The team size may be unusual or exaggerated; anyway I’d expect projects at big companies to require a lot of coordination with many people involved.

What surprised me more was a source code control system that takes months to propagate any code change to all other teams, and a level of interdependence that means teams cannot risk any significant changes because they would have to wait for this change propagation to complete.

However, according to the Allchin interview spacerat quoted Microsoft is working to improve the situation, so I suppose we might see another Windows version in our lifetimes!

Actually, considering that QA are the people who use the final product, they are the first barrier between the software and then end user. Having QA around can quite often result in catching a potential UI problem long before it propagates.

There’s about 200 people working on my project (a game), and there’s still about a half day at least a week burned simply by coordinating.
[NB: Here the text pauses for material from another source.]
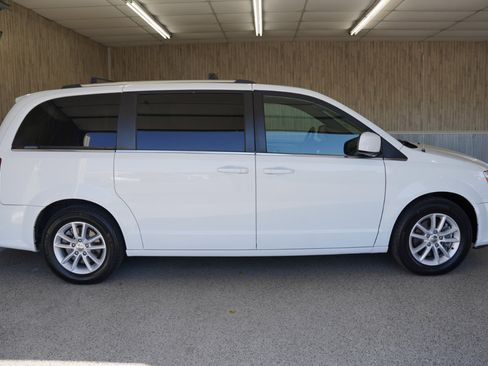 Used 2018 Dodge Grand Caravan SXT image 6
That’s because the quicker changes propagate, the less time you have for testers to find potential issues before it gets sent out to everyone’s base. And with that many people, if someone introduces a random crash that causes everyone using that code to be blocked from working, if you had a weekly propagation it means that you immediately flush a week of everyone’s work.
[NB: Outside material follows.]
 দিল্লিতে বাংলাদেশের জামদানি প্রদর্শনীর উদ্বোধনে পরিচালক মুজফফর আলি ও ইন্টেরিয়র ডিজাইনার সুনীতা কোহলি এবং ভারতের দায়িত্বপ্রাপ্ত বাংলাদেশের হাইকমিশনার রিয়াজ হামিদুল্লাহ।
Propagating over months sounds like a bad idea, until you think of the alternative. Granted, I’m sure there’s better ways (for example, an ‘unsafe’ code server which keeps the merged versions of everything), but honestly, I would not want to work on a project with a thousand developers who check directly in to the core branch. It’s bad enough with 40 programmers, I can’t imagine it with 1000.

In companies that are developing hardware that the same company’s software team is developing for at the same time, coordination can be even more difficult. You can’t put your physical components into a differential changelog system like CVS. Thankfully modern hardware runs software at its core, such as the BIOS, which can be and there are such things as EEPROMs.

But we’re talking about an operating system here, composed of many modules that (should) have clearly differentiated tasks and well-defined interfaces to the rest of the system. As long as the individual teams are programming to these interfaces they shouldn’t be stopped dead by bugs in another team’s implementation. Every module should be run against mock systems and test suites before checking in any changes, and if bugs do slip through other teams can continue local development on the basis of these test suites.

But not without pain, if they’ve already synced to a broken version. Consider if one of the base modules has a strange crash in it based on usage of another modules, and both those modules are required to run the system? Sure you can roll back, but that requires finding out when that specific crash was introduced, which involves spending time with other teams figuring it out, and ultimately, it’s lost time.

You may also need a new feature added, and you can’t add it yourself because your group doesn’t have the authority, and the group that is responsible isn’t going to make it a high priority, and it has to propagate up to the root (or common parent branch) and then back down to you because integrating straight across could neglect other crucial dependencies, but you’re not ready to resync because your other changes will break Group B’s tests and they haven’t caught up yet and…

I have enough trouble with relatively tiny teams and medium-sized apps that I can barely conceive of the difficulty a place like MS must face.

And yet, an article I just read about Vista said that they were doing away with DLLs entirely.

And yet, an article I just read about Vista said that they were doing away with DLLs entirely.

They might have meant in name or as traditional chunks of Win32 code, as things are shifting towards .NET assemblies. They’re still .DLL files, but are supposed to avoid some of the dependency problems with private copies and better versioning information.

They definitely wouldn’t be getting rid of the concept of shared libraries entirely, and there’s too much of a need for traditional DLLs for compatibility, at least.

And yet, an article I just read about Vista said that they were doing away with DLLs entirely.

I don’t think you read that correctly.